Yönetmen: Thomas Vinterberg
Oyuncular: Jamie Bell, Bill Pullman, Michael Angarano, Danso Gordon, Alison Pill, Mark Webber, Novella Nelson, Chris Owen
Senaryo: Lars von Trier
Müzik: Benjamin Wallfisch
Ne kendine güveni ne de bir arkadaşı olan
Dick, bir gün yanlışlıkla küçük bir tabanca satın alır ve ateşli bir hevesle savunduğu barışçı görüşlerine rağmen tuhaf bir şekilde bu silahı sahiplenir. Kısa süre sonra,
Amerika’nın güneydoğusundaki bu küçük kasabada yaşayan kendi gibi toplum dışına itilmiş yalnız gençleri etrafına toplar ve
“Züppeler” adını verdiği gizli bir kulüp kurar. Kulübün temel ilkeleri, silahlara tutkuyla bağlı olmak ve barışçı olmaktır. En önemli kural ise toplum içinde silahlarını asla kullanmamaktır. Ne var ki, kuralların ihlal edilmesi gerektiğini öğrenmeleri uzun sürmez.

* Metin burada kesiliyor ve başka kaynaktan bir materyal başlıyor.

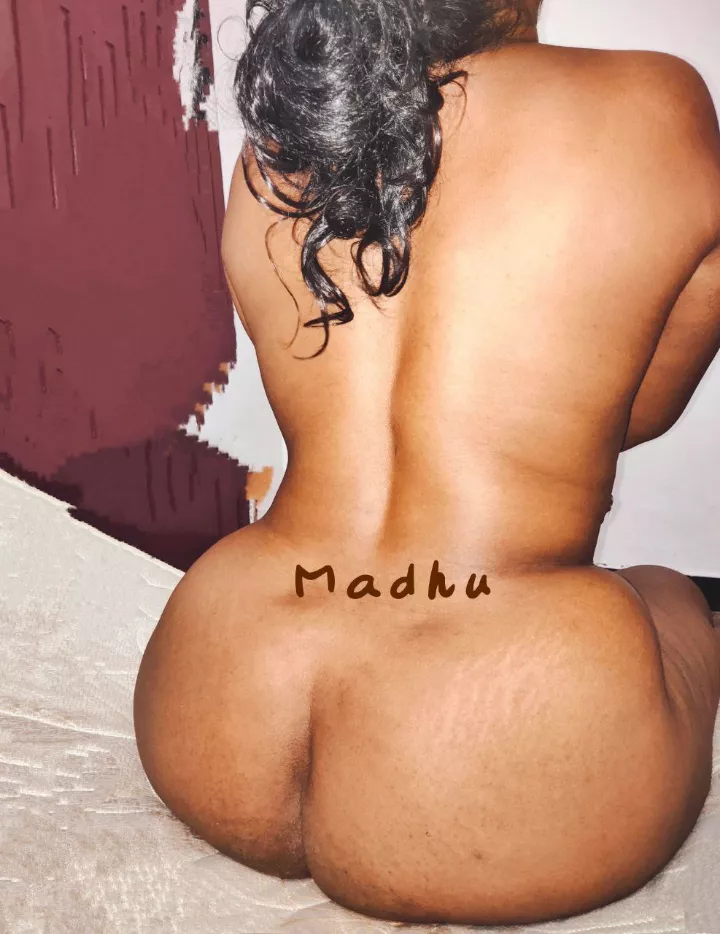 Morning times are horny times🙈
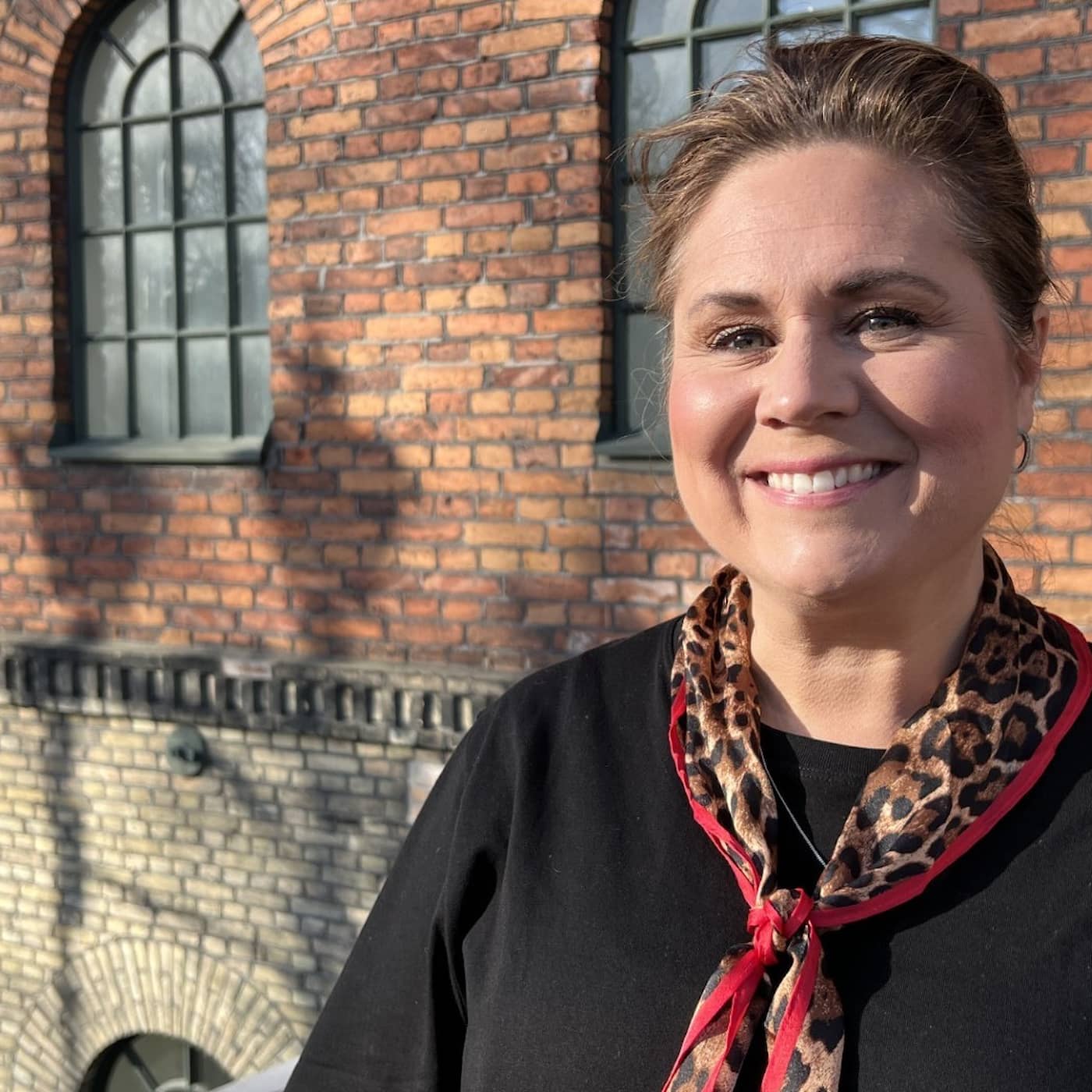 Mitt i livet-yrkesr&aring;dgivning och ledigt f&ouml;r att pr&ouml;va nytt jobb kan f&ouml;rl&auml;nga arbetslivet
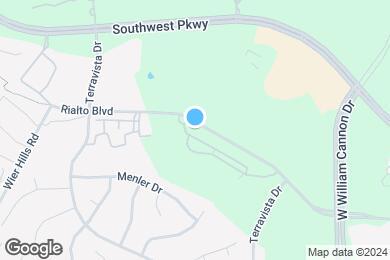 Map image of the property - Lantana Hills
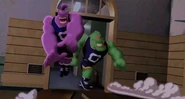 Monstars-IM-043.png (1.27 MB)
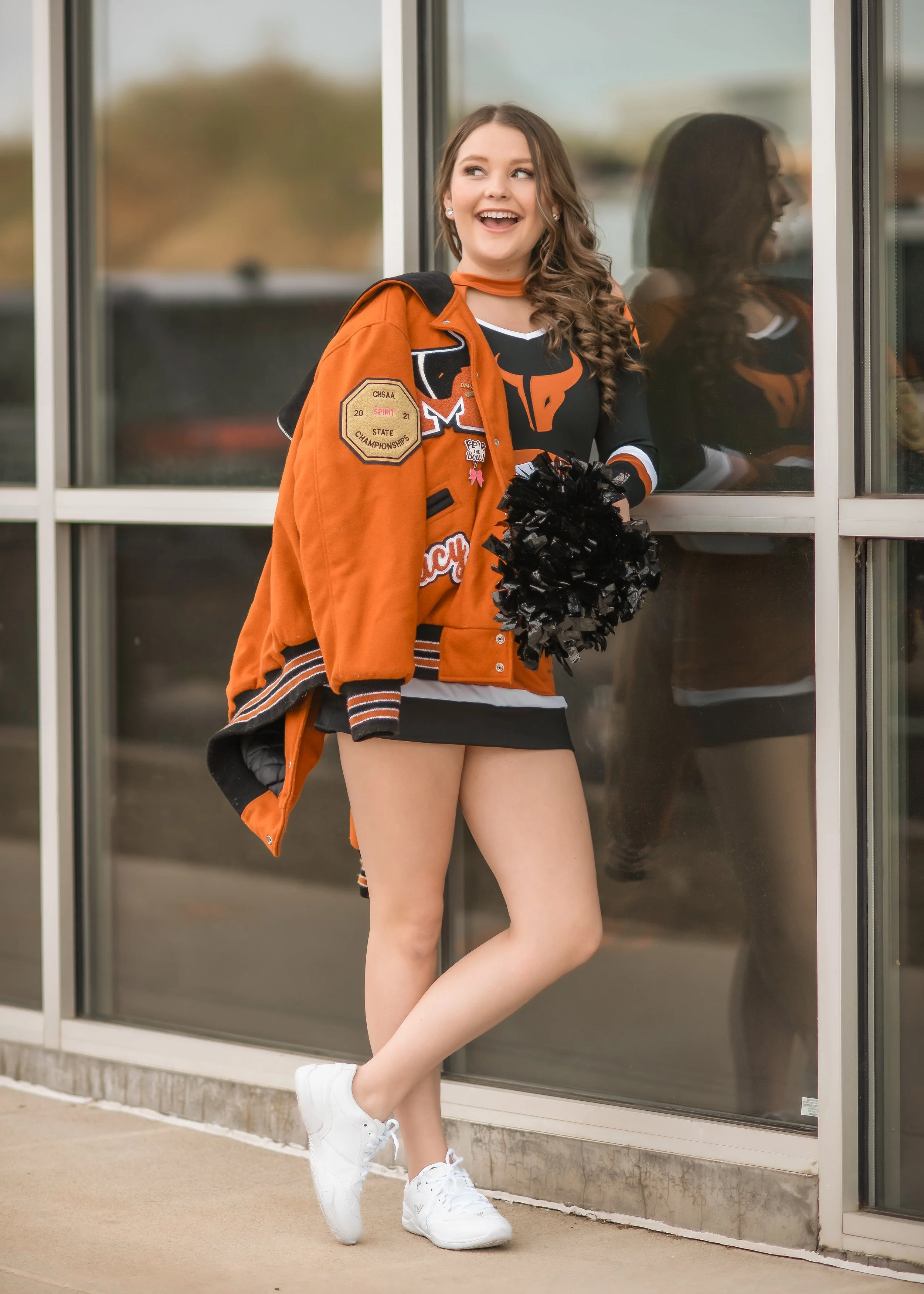 DSC_5836.jpg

Lars Von Trier’in yazdığı,
Thomas Vinterberg’in yönettiği
Dear Wendy, bu iki ismin tarzlarının buluşma noktası olmuş bir
Danimarka-Fransa-Almanya-İngiltere ortak yapımı. Film,
Trier’in bir süredir meşgul olduğu
Dogville-Manderlay-Washington üçlemesinin ana hedefi olan
Amerikan sisteminin farklı çarklarından bir başkasıyla ilgili söyleve sahip. İsimsiz bir güney kasabasında geçimini madencilikle kazanmaya çalışan insanların fonunda, bir grup genç bir araya gelerek
Dandies (Züppeler) adında bir grup-klüp-çete kuruyorlar. Kendilerine özgü kurallar, kıyafetler, hayat tarzları geliştirmelerinin yanı sıra onları diğer akranlarından ayırmaya yetecek tek özellik, bu küçük grubun çeşitli ebatlardan oluşan silahlara sahip olmaları. Üstelik bu silahların isimleri, hikayeleri, cinsiyetleri hatta kişilikleri bile var.

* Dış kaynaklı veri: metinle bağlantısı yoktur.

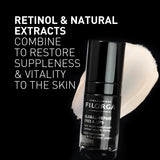 Filorga Global Repair Eyes&Lips 15ml Eye and Lip Care Cream - Anti-Aging Skincare for Sensitive Areas
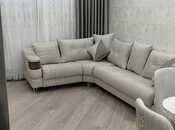 Сдаётся 3-комн. новостройка 90 м², м. 20 января, photo 3 from 8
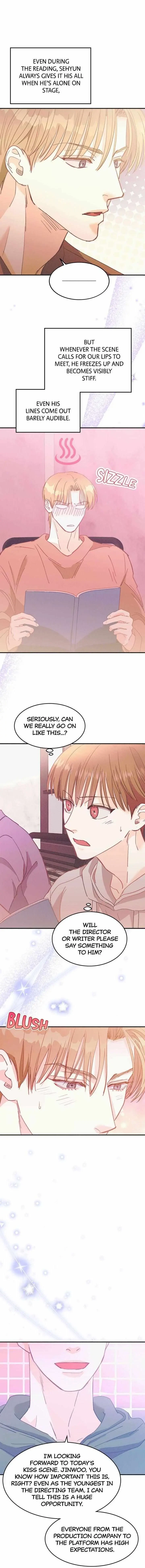 Chapter 33, page 5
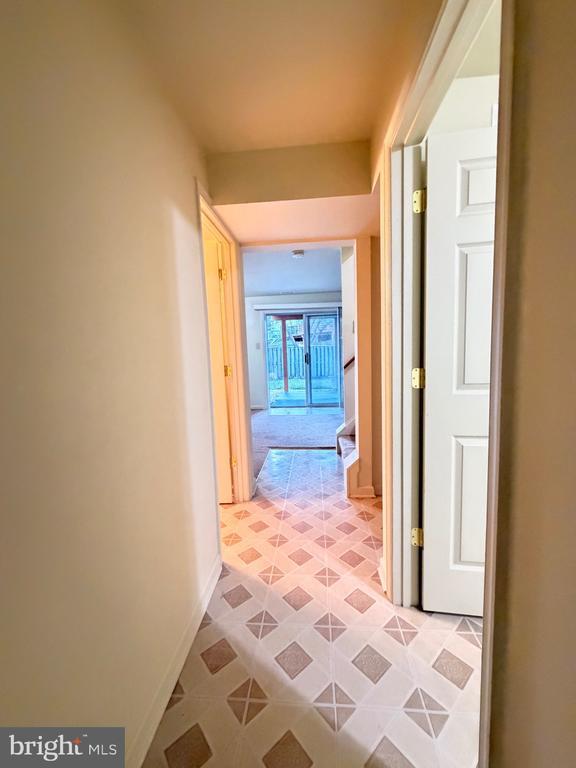 Building Photo - 1463 Mobley Ct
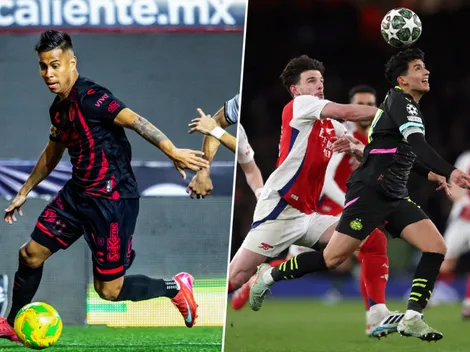 Noticias de Chivas HOY 12 de mayo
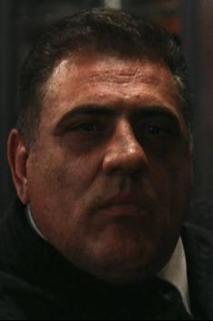 Profilový obrázek - Lenny Montana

Michael Moore belgeseli Bowling My Columbine veya Gus Van Sant filmi Elephant'ın ele aldığı silah fenomeninin yanında, Dear Wendy’de, bir zümreye ait olma ve bir inancın parçası olma yolunda karşılaşılan özgürleşme, kendini arayış, dayanışma ve zorlamalar farklı bir dille anlatılmaya çalışılmış. Bu anlamda silah unsurunun, sıkışıp kaldıkları kasabanın boğucu atmosferinde yaşamak zorunda kalan gençlik için kişisel varoluşlarını elde etmelerini sağlayacak, kontrol edilmesi zor bir gücü sembolize ettiğini söyleyebiliriz.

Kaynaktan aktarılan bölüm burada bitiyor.